I see my beauty now. I actually feel good in my own skin now.i can look in the mirror and see That sparkle in my eyes. 

If its true love, it will win. If its not then I'm strong enough to know it. 

My exwife is a catch in all areas and anyone who she falls in love with will be a lucky man, but one of her greatest assets is her faithful ness and this is why I still believe in her.

I love you G
_Posted via Mobile Device_


----------



## Cogo123 (Jan 5, 2012)

Awwww.....that is very sweet. Too bad she cannot read this. Does she know you are working on your issues and that you still love her?
_Posted via Mobile Device_


----------



## ferndog (Dec 2, 2011)

Cogo123 said:


> Awwww.....that is very sweet.

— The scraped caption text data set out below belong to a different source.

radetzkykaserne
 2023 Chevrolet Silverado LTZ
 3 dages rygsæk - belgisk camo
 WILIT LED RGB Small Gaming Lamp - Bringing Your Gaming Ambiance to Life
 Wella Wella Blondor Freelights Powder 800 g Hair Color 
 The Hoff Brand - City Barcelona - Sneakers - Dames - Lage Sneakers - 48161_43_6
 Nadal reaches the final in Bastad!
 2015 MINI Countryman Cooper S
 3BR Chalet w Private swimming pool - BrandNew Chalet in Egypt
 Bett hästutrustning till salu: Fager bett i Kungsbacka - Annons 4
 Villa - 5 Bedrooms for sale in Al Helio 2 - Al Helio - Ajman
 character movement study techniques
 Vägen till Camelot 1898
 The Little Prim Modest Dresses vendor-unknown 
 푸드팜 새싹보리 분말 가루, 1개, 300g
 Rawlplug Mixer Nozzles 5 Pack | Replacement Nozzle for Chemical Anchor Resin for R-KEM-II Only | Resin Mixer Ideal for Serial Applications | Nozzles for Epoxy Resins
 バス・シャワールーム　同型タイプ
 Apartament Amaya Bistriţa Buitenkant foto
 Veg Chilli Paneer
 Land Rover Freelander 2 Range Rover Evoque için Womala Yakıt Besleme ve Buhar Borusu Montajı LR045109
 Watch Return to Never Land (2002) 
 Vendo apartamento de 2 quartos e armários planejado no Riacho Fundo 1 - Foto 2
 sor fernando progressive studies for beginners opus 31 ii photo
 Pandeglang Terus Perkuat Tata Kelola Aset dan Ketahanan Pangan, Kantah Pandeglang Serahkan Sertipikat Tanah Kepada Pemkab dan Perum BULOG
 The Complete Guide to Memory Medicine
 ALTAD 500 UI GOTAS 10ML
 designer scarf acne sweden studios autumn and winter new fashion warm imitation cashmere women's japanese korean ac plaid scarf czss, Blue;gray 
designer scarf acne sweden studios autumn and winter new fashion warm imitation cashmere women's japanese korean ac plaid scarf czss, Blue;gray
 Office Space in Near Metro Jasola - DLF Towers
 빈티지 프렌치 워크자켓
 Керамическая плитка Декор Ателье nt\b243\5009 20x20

Too bad she cannot read this. Does she know you are working on your issues and that you still love her?
> _Posted via Mobile Device_


No she will not read this. This is for me. She asked me not to contact her (because she feels I won't change). My last conversation with her I told her that I love her and that I would not give up. One day I would be complete and that day I would return and offer myself to her. That she is beautiful and that I always knew that. 

So I wake up every morning loving her and fixing my issues. This site, admitting my issues, doing something about them, etc has helped me out.

I am a better man everyday and I'm not 100% what she knows or not. 
She works with my sister and I rather not ask my sister anything since it would put her in a bad situation. 

I feel that she loves me and hopes I grow out of my childishness , and become a better man 

Time will tell if she will remember why she fell in love but I haven't forgotten


I know she is not dating. That's all I know ;(
_Posted via Mobile Device_


----------